Strategy & Operations » Leadership & Management » Interview: Xchanging CFO David Bauernfeind

Interview: Xchanging CFO David Bauernfeind

Xchanging’s CFO, David Bauernfeind, is in the middle of a major organisational transformation while managing the demands and pressures of a listed company

AS A NEWLY installed finance director, you know you’ve got a job on your hands when the chief executive tells you you’ve got 54 days to complete a refinancing. When that command is issued on the first day and comes from Ken Lever, a former finance director famed for his turnaround credentials, the task becomes that bit more daunting.

That was the urgent situation facing David Bauernfeind when he was appointed as Xchanging chief financial officer on 7 June 2011. The technology and outsourcing group, synonymous with its work for Lloyd’s of London, was in a parlous state. By all accounts, 2011 was Xchanging’s annus horribilis.

It issued a profits warning in March with first-half pre-tax profits plunging by 95%, and announced it would refine the way it accounted for contracts – a move that spooked investors, halved the group’s market cap in a single day, and dumped it out of the FTSE 250. Worse was to come: Xchanging was accused of “aggressive accounting” – in other words, of overpromising on projected financial performance – taking a £100m goodwill impairment hit on the cost of buying Cambridge Solutions in 2008, a company that turned out to be more trouble than it was worth, which saw the resignation of Xchanging’s founder and chief executive.

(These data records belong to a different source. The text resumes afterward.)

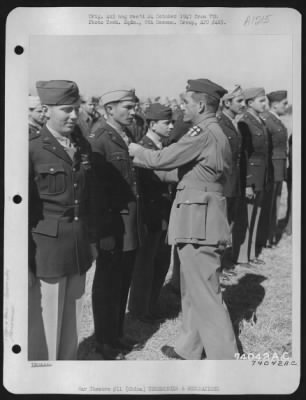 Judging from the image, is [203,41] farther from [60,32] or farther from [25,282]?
[25,282]

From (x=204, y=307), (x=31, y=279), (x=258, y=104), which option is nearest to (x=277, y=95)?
(x=258, y=104)

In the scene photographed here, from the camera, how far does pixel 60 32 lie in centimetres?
316

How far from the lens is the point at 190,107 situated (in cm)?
309

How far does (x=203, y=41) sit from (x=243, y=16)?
25 centimetres

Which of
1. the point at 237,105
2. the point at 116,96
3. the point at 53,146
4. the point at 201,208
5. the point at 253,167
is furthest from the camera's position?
the point at 253,167

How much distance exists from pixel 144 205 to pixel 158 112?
519 mm

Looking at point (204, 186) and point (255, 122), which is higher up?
Answer: point (255, 122)

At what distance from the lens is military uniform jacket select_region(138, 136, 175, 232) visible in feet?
10.6

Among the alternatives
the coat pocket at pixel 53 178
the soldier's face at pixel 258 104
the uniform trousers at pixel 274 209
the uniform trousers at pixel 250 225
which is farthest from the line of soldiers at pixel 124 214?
the uniform trousers at pixel 274 209

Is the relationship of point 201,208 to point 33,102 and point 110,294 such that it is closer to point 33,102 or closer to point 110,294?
point 110,294

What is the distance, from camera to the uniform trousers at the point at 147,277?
327 centimetres

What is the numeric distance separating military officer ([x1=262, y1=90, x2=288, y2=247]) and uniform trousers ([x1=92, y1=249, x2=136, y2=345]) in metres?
0.99

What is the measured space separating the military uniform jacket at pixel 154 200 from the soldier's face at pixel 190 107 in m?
0.28

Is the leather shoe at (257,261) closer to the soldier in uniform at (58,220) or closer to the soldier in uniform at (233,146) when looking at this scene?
the soldier in uniform at (233,146) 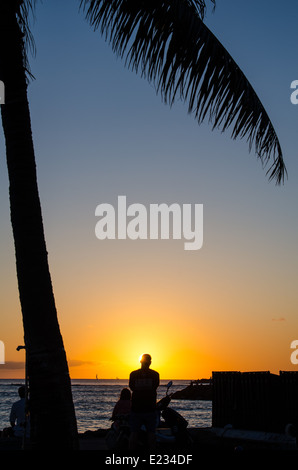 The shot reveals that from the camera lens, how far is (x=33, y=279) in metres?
6.44

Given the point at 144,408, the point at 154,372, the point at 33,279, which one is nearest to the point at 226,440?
the point at 154,372

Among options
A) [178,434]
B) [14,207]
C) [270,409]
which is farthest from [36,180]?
[270,409]

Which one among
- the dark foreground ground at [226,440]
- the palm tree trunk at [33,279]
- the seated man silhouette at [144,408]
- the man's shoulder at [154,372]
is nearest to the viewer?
the palm tree trunk at [33,279]

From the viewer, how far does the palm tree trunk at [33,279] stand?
6.22 meters

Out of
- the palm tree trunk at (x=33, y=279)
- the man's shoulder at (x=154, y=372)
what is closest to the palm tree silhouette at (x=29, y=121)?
the palm tree trunk at (x=33, y=279)

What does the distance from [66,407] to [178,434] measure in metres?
5.65

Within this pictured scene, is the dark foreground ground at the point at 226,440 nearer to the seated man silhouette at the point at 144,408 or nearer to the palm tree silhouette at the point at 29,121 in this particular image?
the seated man silhouette at the point at 144,408

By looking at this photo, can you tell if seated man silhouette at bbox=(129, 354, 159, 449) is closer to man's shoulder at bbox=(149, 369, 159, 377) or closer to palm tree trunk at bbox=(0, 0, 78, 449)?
man's shoulder at bbox=(149, 369, 159, 377)

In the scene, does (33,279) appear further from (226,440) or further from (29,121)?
(226,440)

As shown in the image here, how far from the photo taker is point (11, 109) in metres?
6.79

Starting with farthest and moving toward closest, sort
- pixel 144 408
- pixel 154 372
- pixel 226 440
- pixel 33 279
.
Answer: pixel 226 440 → pixel 154 372 → pixel 144 408 → pixel 33 279

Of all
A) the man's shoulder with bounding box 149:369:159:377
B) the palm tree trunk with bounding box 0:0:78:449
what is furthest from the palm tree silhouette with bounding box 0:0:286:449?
the man's shoulder with bounding box 149:369:159:377

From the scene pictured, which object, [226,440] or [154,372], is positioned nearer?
[154,372] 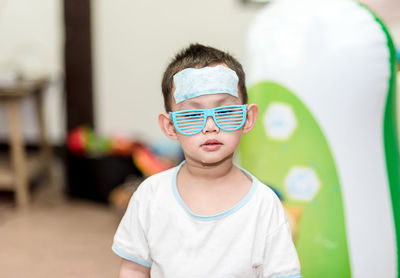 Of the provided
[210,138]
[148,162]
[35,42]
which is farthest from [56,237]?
[210,138]

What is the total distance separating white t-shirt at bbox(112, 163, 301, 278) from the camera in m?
1.14

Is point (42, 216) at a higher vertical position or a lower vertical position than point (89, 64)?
lower

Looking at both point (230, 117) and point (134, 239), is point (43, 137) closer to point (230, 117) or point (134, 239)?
point (134, 239)

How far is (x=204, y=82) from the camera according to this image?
44.7 inches

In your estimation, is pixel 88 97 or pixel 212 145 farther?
pixel 88 97

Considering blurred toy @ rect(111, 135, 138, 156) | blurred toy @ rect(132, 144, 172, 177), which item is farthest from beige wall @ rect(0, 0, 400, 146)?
blurred toy @ rect(132, 144, 172, 177)

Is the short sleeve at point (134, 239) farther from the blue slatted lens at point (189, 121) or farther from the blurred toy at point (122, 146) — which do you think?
the blurred toy at point (122, 146)

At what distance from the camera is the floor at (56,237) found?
255cm

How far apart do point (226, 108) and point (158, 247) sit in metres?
0.33

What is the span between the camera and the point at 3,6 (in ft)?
12.2

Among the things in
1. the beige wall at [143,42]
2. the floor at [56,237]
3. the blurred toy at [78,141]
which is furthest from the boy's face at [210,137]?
the blurred toy at [78,141]

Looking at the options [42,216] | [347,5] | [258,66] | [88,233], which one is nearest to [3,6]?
[42,216]

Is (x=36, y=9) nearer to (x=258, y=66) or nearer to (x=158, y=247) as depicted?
(x=258, y=66)

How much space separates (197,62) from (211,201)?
29cm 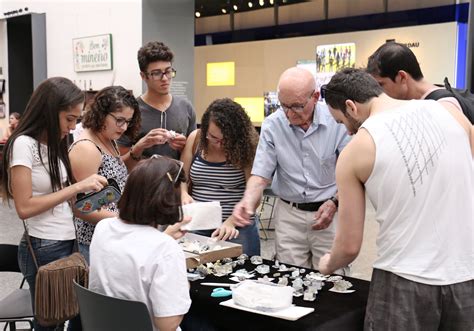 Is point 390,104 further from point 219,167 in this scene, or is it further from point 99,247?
point 219,167

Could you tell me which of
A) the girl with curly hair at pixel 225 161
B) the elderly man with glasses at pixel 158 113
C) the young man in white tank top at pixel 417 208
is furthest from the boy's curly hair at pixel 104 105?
the young man in white tank top at pixel 417 208

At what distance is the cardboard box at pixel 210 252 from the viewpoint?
7.82 feet

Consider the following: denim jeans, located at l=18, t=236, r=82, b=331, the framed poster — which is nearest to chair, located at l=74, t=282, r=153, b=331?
denim jeans, located at l=18, t=236, r=82, b=331

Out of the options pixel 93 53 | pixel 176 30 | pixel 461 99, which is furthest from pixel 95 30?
pixel 461 99

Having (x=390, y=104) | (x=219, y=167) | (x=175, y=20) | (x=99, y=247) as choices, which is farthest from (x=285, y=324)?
(x=175, y=20)

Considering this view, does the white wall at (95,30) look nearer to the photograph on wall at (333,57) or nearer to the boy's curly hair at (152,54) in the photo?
the boy's curly hair at (152,54)

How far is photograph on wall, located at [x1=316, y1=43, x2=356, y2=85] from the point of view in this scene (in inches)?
342

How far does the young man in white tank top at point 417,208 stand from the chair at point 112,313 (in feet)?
2.40

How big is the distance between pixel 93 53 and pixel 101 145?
363 cm

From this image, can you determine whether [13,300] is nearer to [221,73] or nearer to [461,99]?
[461,99]

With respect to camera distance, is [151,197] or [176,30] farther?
[176,30]

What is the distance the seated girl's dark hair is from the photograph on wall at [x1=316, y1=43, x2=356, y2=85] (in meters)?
6.96

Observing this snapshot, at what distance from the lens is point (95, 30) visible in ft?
19.7

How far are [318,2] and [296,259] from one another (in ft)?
23.8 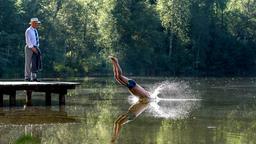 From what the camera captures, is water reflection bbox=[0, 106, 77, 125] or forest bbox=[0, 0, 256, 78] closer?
water reflection bbox=[0, 106, 77, 125]

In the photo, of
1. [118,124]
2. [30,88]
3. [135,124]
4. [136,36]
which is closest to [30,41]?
[30,88]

Given that backdrop, Bauernfeind knew his job would be one of turnaround and transformation. Item one on the list was to secure that all-important refinancing deal within 54 days.

“Most people thought it wasn’t possible at the time. The business had had challenges and the general environment wasn’t very good so it was a hell of an introduction,” he tells Financial Director. “We did cut it relatively fine – we made it by a few hours.”

Since then, Xchanging has embarked upon a radical overhaul of its portfolio of businesses, hived off underperforming assets and redefined its founding business model from one that was built on a small number of very large clients to one that is built on a large number of very small clients. Essentially, the business’ clients had become more sophisticated, and procurement functions had driven the model to smaller contracts of shorter duration.

“The business model had originally been one of very long-duration, major contracts. The business didn’t move fast enough to make that change,” explains Bauernfeind.

The finance function has been at the heart of this transformation process, which – apart from analysing the performance of each of Xchanging’s business units – also meant moving away from a silo structure to a single business, rationalising the finance function, improving its management information systems, changing the company’s cost culture while at the same time managing the demands and pressures of being a listed company.

Detailed understanding
Bauernfeind did have the benefit of more than ten years with Xchanging prior to becoming chief financial officer. He joined the company in 2001 to oversee a joint venture with BAE Systems, where he had been a divisional financial controller.

With more than a decade working in almost all of the business areas in senior financial positions, Bauernfeind came into the role “really understanding at quite a detailed level how the business was operating”.

Importantly, Bauernfeind was able to apply the lessons of managing the tight refinancing process to transforming the rest of the business.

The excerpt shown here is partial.